Planting has been carried out in targeted sections areas of the creek as well as adjacent areas to try and create some habitat corridors for recovering native bird and wildlife populations.
After two Valley planting days, small group and individual work, landholders have spent over five hundred hours, planted over 1160 trees and 1400 grasses using tube stock supplied from FNPW nurseries, Trees in Newcastle Nursery and Upper Hunter Landcare Nursery. Of particular satisfaction was the collection of seed from the site between March 2000 and August 2022 that has resulted in the planting of Melelucca styphelioides , Eucalyptus dennii and Eucalyptus amplifolia on the Valley’s Autumn Planting Day. These species and others endemic to the area have been used to create diversity in the habitat.
In conjunction with revegetating sections of the creek we have been able to engage contractors to target blackberry, Japanese honeysuckle and tree of heaven which has made it possible to begin preparation for further planting in the coming months.
Without the support of the FNPW Grant we as a community would not have been able to embark on such an important project, for that we are grateful.
Comments from Landholders:
In an environment of very sandy soil, fires and floods have impacted badly on our creek banks. The only way to stabilise the banks is by planting grasses, trees and shrubs…The plants supplied by the FNPW grant, …lomandra and a range of trees and shrubs have helped us keep up the fight to save the creek banks.
Geoff and Rhonda Parkin UYLA Members
It was amazing to see how the valley community came together to support the project. To see so many tree guards scattered along the riparian area from [one end of the Valley to the other] . It has been just a wonderful initiative that will be giving back for generations to come.

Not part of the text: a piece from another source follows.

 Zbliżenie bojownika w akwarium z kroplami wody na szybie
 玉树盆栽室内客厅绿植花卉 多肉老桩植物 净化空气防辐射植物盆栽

North Sullivan, President UYLA
Planting these trees makes me feel we are at least trying to save the creek beds from eroding more as well as providing a greener canopy for the lower sections of the valley. Some of our trees have grown a metre in under a year and look very happy.
Helen McGrath ULA Member
..(We) are very grateful for the assistance provided by the grant. We have been able to strategically plant a number of areas along the creek that were damaged by fire and recent floods and were susceptible to further erosion. Blackberry treatment has made the task of regaining control over this weed seem much more achievable.